The $1,900 level has very strong support built in and even if gold falls to that level, there are plenty of investors interested to buy at that level, noted the analyst.
“Sustained weakness below $1,960 may open a path towards $1,930 in the short term. If $1,930 proves to be unreliable support, then prices may sink back towards the psychological $1,900 level before bulls try to re-enter the scene,” Otunuga said.
Commerzbank analyst Carsten Fritsch highlighted the 2011-high of $1,920 as the key support area, but warned that a drop below it could postpone the recovery.
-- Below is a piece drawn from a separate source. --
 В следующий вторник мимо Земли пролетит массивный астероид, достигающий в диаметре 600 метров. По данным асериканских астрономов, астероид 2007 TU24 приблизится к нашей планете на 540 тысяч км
“Gold has established an important support level for itself, which also lies close to its old record high from 2011. Many stop-loss orders are likely to be placed below it, so it will be important to maintain this support area. Otherwise, the correction could drag on significantly longer. This could also prompt ETF investors to sell their holdings,” Fritsch said.
Data to watch
Next week will be data-heavy, with the updated U.S. Q2 GDP numbers out on Thursday.
“Further 2Q GDP releases next week will further reveal the extent of the damage from the last few months. The second stage of recovery is now underway so don't expect continuation of the rapid rebound,” ING economists said on Friday.
Other key U.S. data publications to keep a close eye on include CB consumer confidence and new home sales on Tuesday, durable goods orders on Wednesday, jobless claims and pending home sales on Thursday, as well as, personal income on Friday.